CROSS-REFERENCE TO RELATED APPLICATION

This application claims priority to and the benefit of Korean Patent Application No. 2016-0025196, filed on Mar. 2, 2016, the disclosure of which is incorporated herein by reference in its entirety.

BACKGROUND

1. Field of the Invention

The present invention relates to a micro server based on a fabric network, and more particularly, to a micro server based on a high speed fabric network using heterogeneous interfaces.

2. Discussion of Related Art

Cloud computing technology started to emerge in the mid-2000s, and has been established as a core field of information and communications technology (ICT) essential for enhancement of competitiveness of countries and businesses together with the development of a multicore x86 server.
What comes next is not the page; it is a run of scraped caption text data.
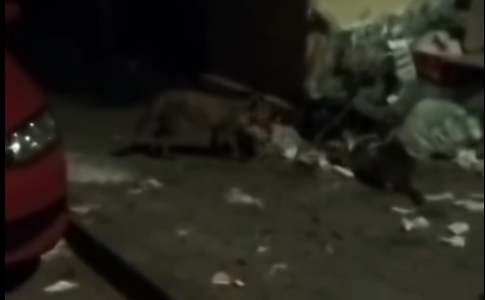 VIDEO Lija opet prošetala šibenskim ulicama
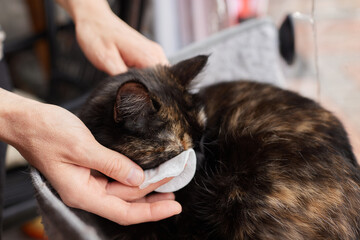Female veterian's hand holding cotton bud to cleaning the dirt from white cat's eye in health check...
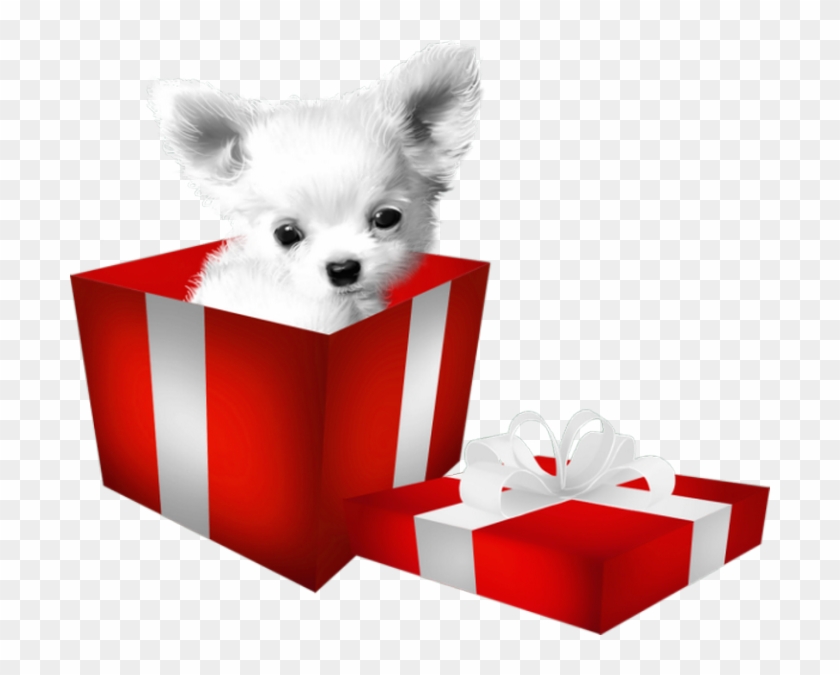 Pomeranian Puppy Dog Breed Clip Art - Cão Na Caixa De Presente Png #1144624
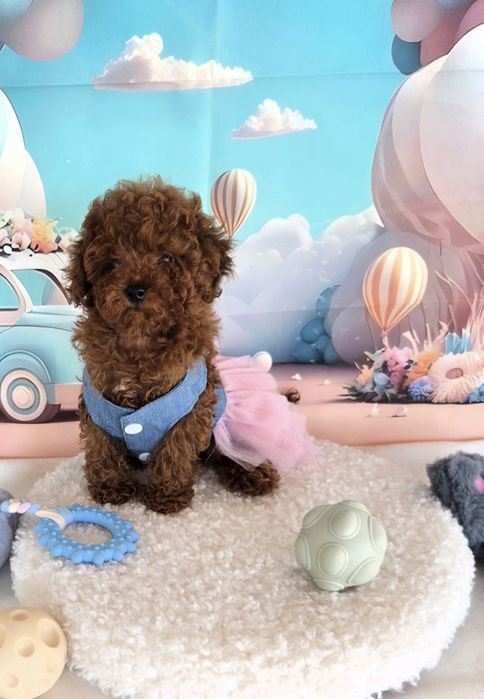 Пудел той Poodle toy с родословие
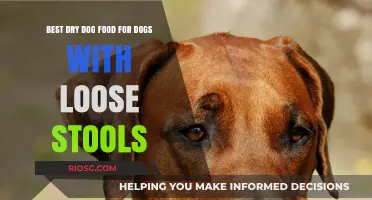 Top Dry Dog Food Options to Firm Up Your Dog's Loose Stools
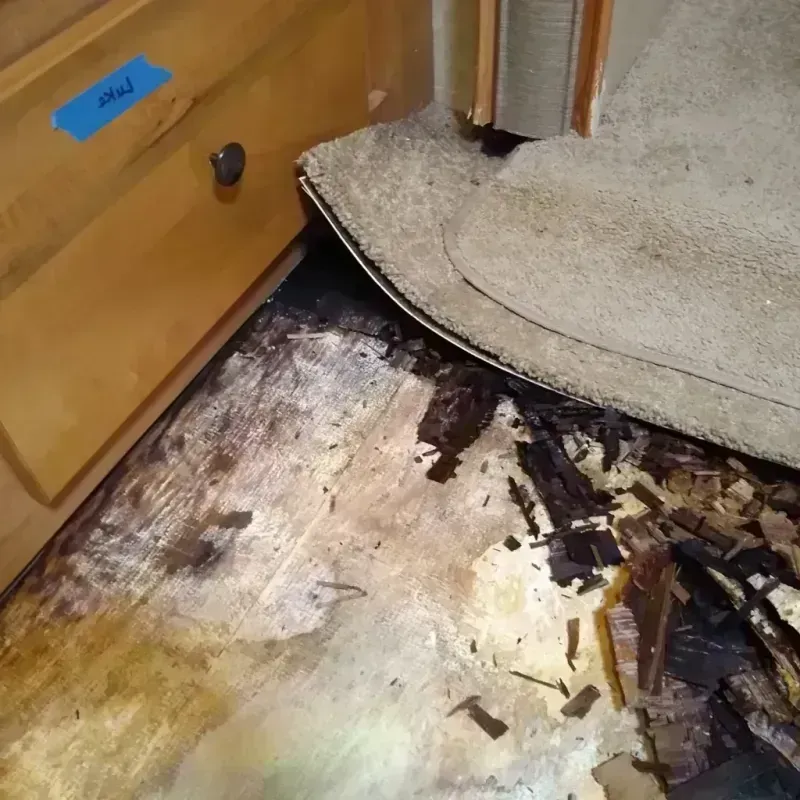 Wood Floor Water Damage in Douglas County, IL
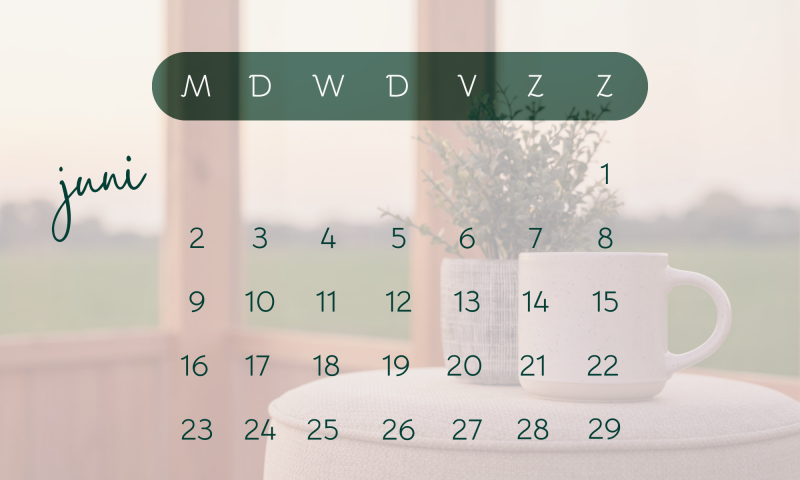 Agenda De Fotoserre 2025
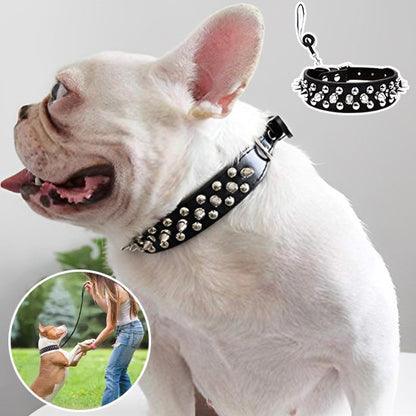 Collier pour chien demonstration du collier sur un pog en morthèse une photo du collier 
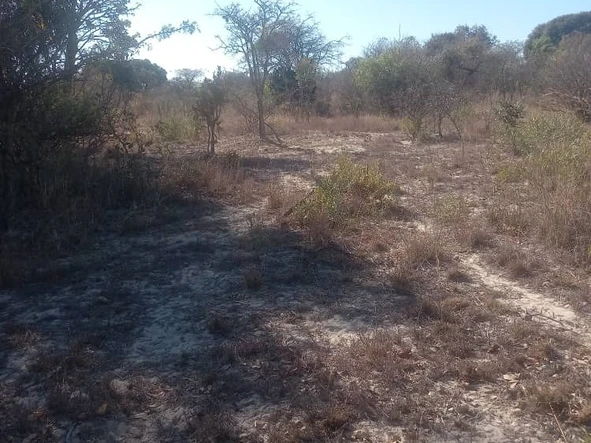Farm & Agricultural Land
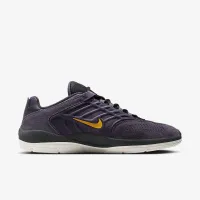 Nike SB Vertebrae чоловічі Кросівки колір фіолетовий
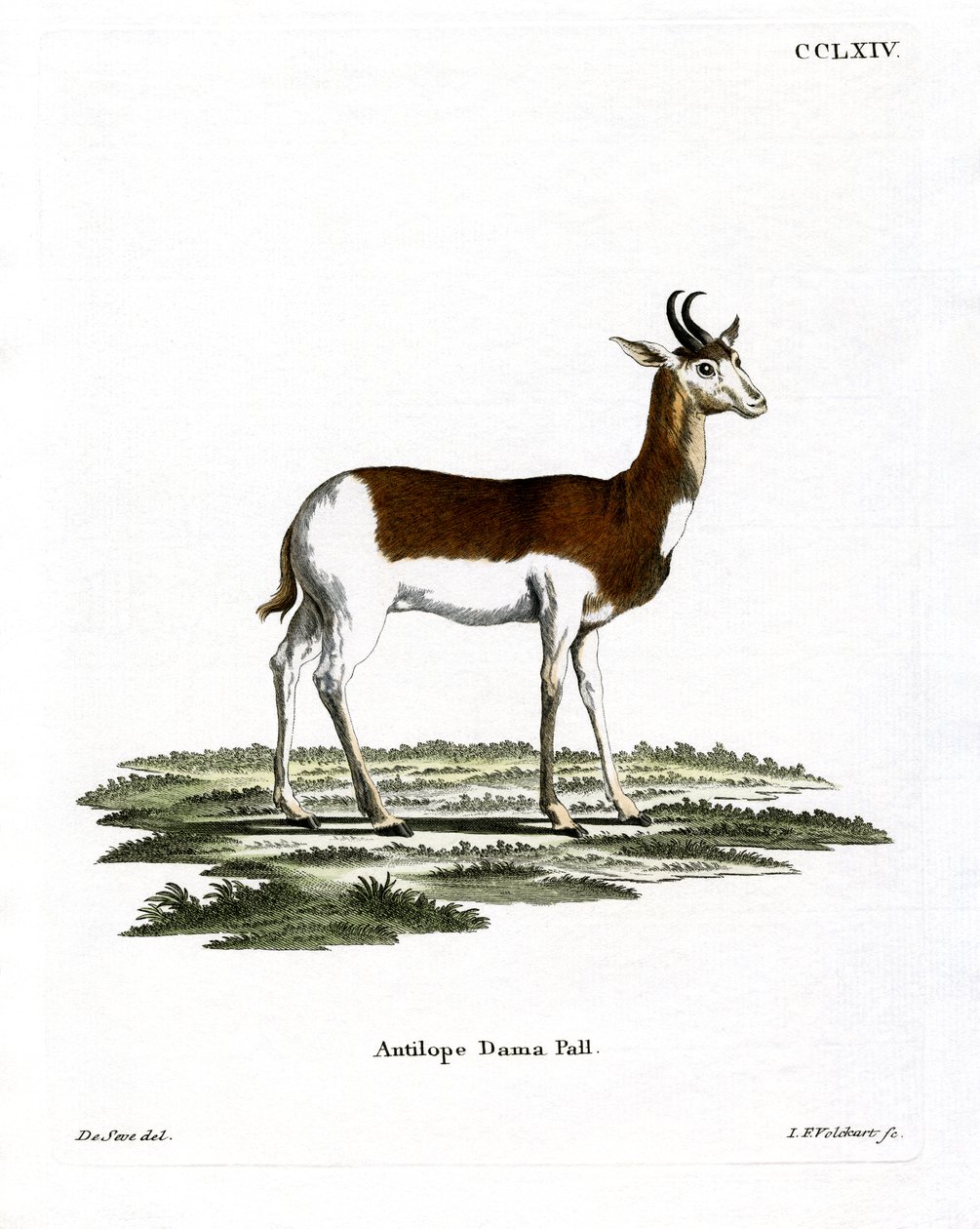 Dama Gazelle (värillinen kaiverrus) tekijältä German School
However, problems of heat generation and increased power consumption according to the high integration of a processor for a server are serving as obstacles to performance and service quality improvement in a structure of the processor and a design of a data center.

In order to effectively construct a data center based on cloud technology, a method of implementing high integration in a server for a service, a method of using a multicore-based server or highly integrating a large number of processors per unit area in order to construct a large number of servers per unit area, a method of decreasing power consumption of a data center, a method of using a low power processor in order to solve the power consumption and heat generation problems according to the high integration of the processor, etc. should be considered.

In order to construct the data center, it is necessary to develop a subminiature server which is highly integrated, or a low power multicore processor-based server which has low power consumption per unit area and high efficiency.

However, in a case of an x86 architecture-based server, domestic server manufacturing technology relies on an import for every related product, and imported servers are occupying, for the most part, the domestic market due to a lack of attainment of related technology.

Accordingly, it is necessary to develop low power processor-based highly integrated microprocessor server technology of which demand is estimated to be rapidly increased in the future.

In this regard, Korea Patent Application No. 10-2014-0022685 (Title of the Invention: Terminal for Heterogeneous Network Interworking, and Method Using the Same) discloses a terminal for heterogeneous network interworking in which a communication terminal confirms and connects an accessible network by measuring a signal strength of third generation (3G) and fourth generation (4G) networks without performing an operation of registering a position in the 3G network, and a method using the same.

SUMMARY OF THE INVENTION

The present invention is directed to provide a micro server based on a fabric network capable of automatically selecting networks needed for high speed or low speed data transmission using heterogeneous interfaces.

However, the technical objects which embodiments of the present invention desire to achieve are not limited to the object described above, and there may be other technical objects.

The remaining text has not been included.